• Your task:
What lines of the data hold the string "from"? Pull each one out.

• Stored data:
■ ■ ■ ■ ■ ■ ■

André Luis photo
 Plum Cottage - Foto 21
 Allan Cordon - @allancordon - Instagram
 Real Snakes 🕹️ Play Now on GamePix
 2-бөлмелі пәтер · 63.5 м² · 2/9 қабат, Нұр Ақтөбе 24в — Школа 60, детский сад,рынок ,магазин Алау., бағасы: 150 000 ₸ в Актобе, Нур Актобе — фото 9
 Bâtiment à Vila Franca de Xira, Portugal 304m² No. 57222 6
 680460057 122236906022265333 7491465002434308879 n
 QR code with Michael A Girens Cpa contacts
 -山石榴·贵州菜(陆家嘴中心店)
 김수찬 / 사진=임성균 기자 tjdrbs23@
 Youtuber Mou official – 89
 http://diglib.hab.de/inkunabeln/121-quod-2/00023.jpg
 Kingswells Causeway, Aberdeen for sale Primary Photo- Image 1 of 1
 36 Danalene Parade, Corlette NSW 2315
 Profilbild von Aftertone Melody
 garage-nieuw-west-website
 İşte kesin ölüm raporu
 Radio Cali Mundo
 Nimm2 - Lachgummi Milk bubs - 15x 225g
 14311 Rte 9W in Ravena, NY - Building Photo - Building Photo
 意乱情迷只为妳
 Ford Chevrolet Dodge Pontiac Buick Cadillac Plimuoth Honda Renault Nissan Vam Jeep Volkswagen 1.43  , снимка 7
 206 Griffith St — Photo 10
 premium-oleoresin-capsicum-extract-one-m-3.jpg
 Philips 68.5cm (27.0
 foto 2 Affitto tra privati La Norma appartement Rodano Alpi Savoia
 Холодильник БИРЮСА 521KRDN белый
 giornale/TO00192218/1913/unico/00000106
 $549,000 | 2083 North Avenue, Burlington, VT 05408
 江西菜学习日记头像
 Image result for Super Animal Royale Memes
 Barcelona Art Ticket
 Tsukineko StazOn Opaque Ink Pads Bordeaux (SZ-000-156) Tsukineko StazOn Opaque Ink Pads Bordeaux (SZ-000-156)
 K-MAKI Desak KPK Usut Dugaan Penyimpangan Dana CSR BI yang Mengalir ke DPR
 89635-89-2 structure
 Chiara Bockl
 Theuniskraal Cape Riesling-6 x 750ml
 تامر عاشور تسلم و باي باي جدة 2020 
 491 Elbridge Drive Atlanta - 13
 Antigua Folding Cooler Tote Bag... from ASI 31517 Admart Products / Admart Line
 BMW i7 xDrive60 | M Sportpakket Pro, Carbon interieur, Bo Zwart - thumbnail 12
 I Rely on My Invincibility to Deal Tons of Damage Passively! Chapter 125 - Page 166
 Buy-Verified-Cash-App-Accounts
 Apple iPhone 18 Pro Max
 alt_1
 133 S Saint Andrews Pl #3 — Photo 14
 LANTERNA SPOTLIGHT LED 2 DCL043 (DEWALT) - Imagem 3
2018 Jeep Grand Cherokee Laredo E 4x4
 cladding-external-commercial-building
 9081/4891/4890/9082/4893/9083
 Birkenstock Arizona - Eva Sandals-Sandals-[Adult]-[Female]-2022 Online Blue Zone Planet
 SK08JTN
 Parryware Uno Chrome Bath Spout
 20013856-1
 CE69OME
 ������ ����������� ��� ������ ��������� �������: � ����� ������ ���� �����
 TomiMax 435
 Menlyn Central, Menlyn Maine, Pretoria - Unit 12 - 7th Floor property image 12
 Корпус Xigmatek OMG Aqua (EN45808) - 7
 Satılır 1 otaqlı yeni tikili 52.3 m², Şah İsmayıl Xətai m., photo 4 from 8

■ ■ ■ ■ ■ ■ ■

• Written reply:
 Antigua Folding Cooler Tote Bag... from ASI 31517 Admart Products / Admart Line
 Satılır 1 otaqlı yeni tikili 52.3 m², Şah İsmayıl Xətai m., photo 4 from 8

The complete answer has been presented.